» What the task asks
Pictures are to be dropped from the copy. Retype the listing exactly.
= = = = =
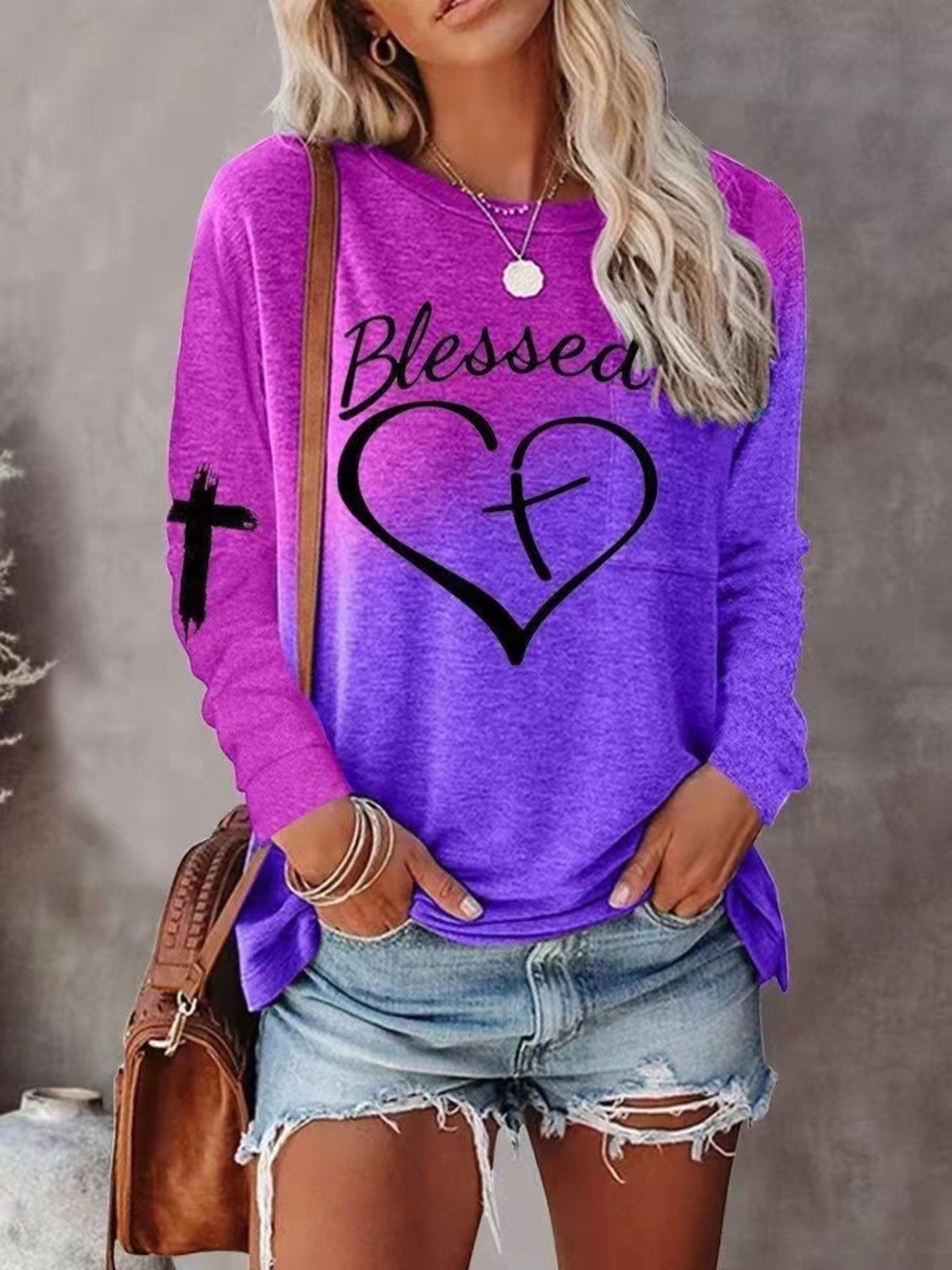 Casual Top, Women's Ombre & Heart & Letter Print Long Sleeve Round Neck Slight Stretch T-shirt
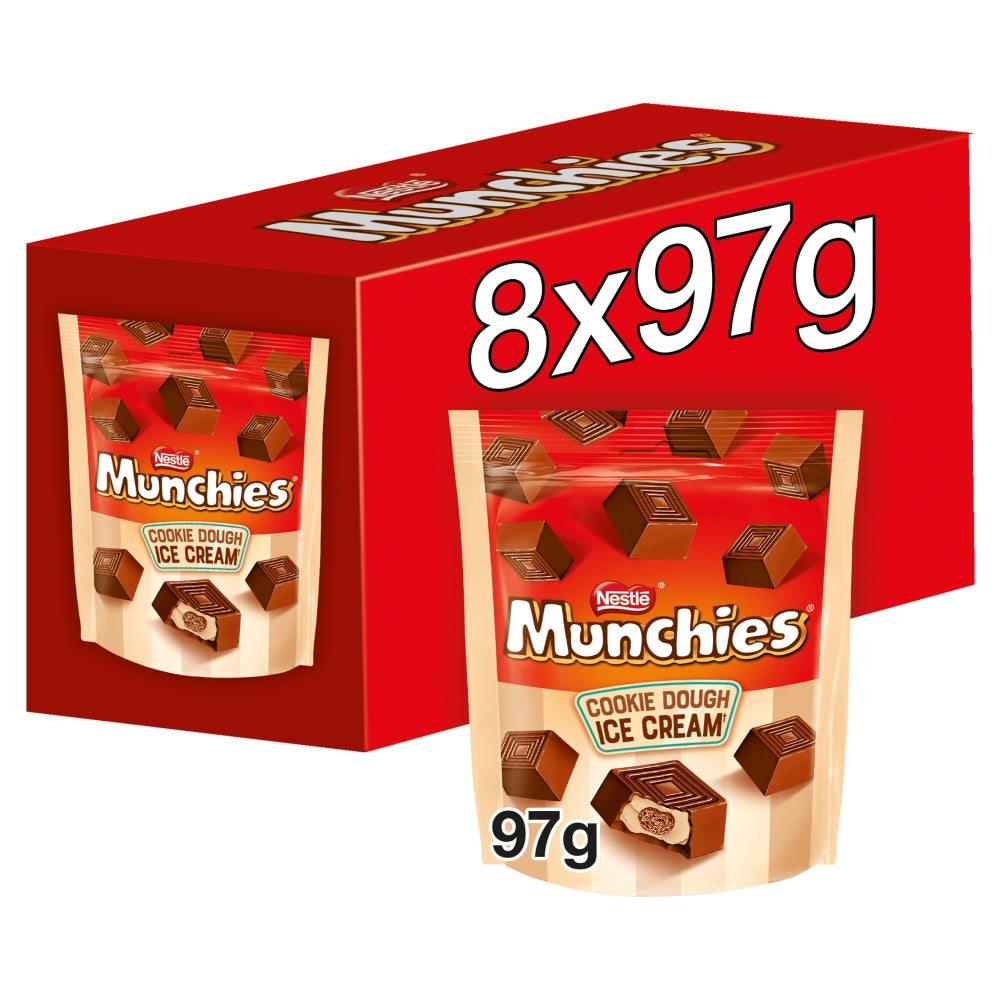 Munchies Milk Chocolate Cookie Dough Ice Cream Sharing Bag 97g - 8 x 97g Pouches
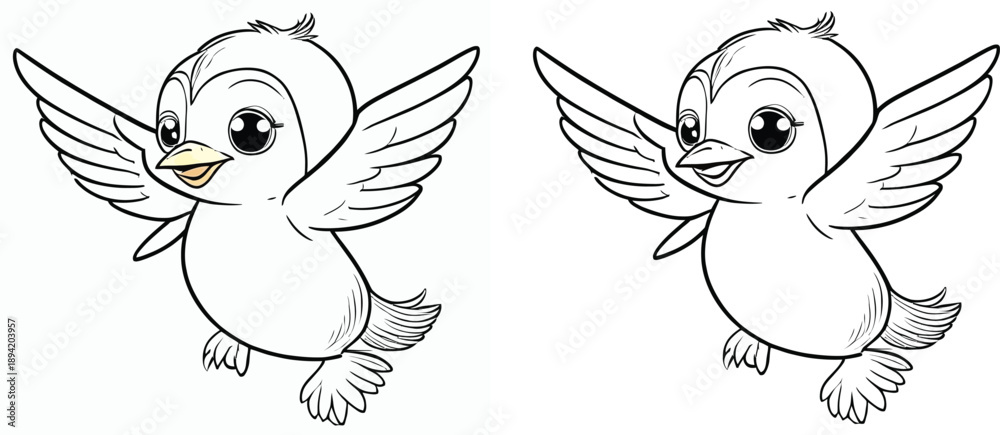 Obraz premium adorable cartoon bird with its wings outstretched A vector character of a happy little girl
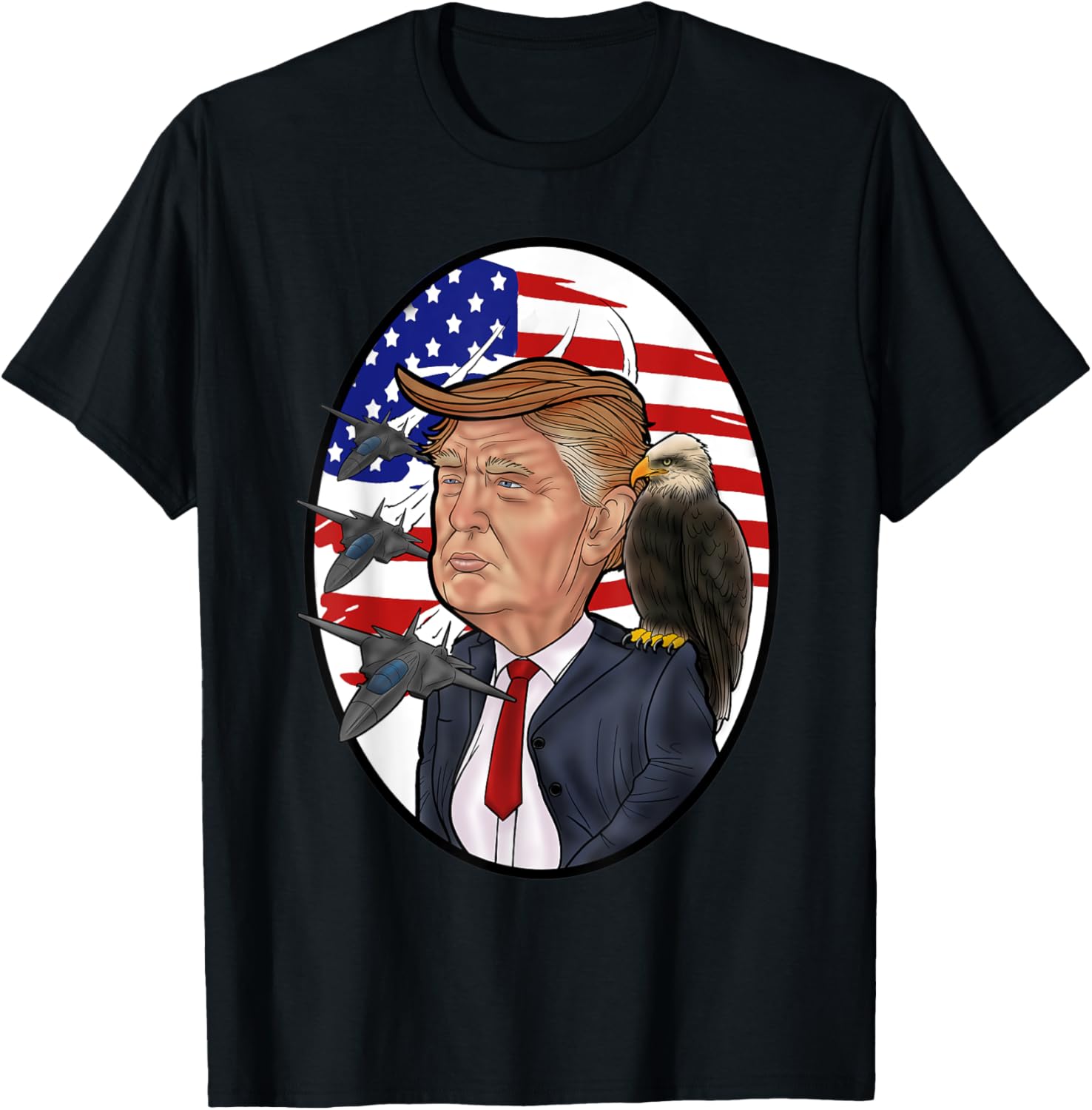 4th of July Trump Shirt American Flag Military Jets Eagle T-Shirt for Women Kids Men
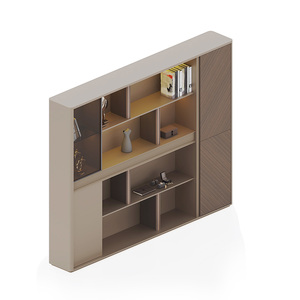 La Librería de Oficina Premium de Nuevo Diseño Cuenta con Tiras de Luz LED Integradas, Estantes Abiertos Espaciosos y Puertas de Gabinetes <span class=keywords><strong>Cerradas</strong></span> - Product Image 2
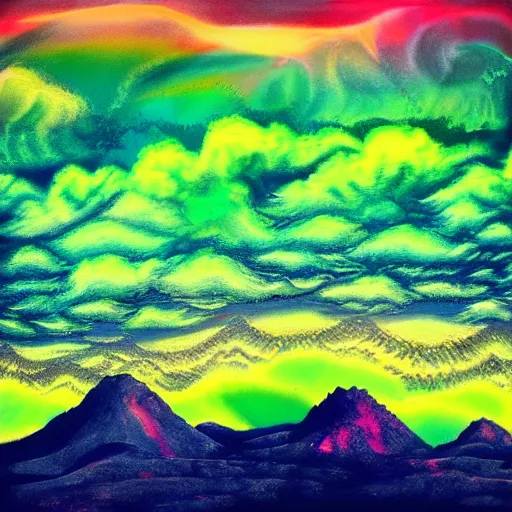 Image similar to green sky psychedelic landscape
= = = = =
» Finished exercise
 Casual Top, Women's Ombre & Heart & Letter Print Long Sleeve Round Neck Slight Stretch T-shirt
 Munchies Milk Chocolate Cookie Dough Ice Cream Sharing Bag 97g - 8 x 97g Pouches
 Obraz premium adorable cartoon bird with its wings outstretched A vector character of a happy little girl
 4th of July Trump Shirt American Flag Military Jets Eagle T-Shirt for Women Kids Men
 La Librería de Oficina Premium de Nuevo Diseño Cuenta con Tiras de Luz LED Integradas, Estantes Abiertos Espaciosos y Puertas de Gabinetes <span class=keywords><strong>Cerradas</strong></span> - Product Image 2
 Image similar to green sky psychedelic landscape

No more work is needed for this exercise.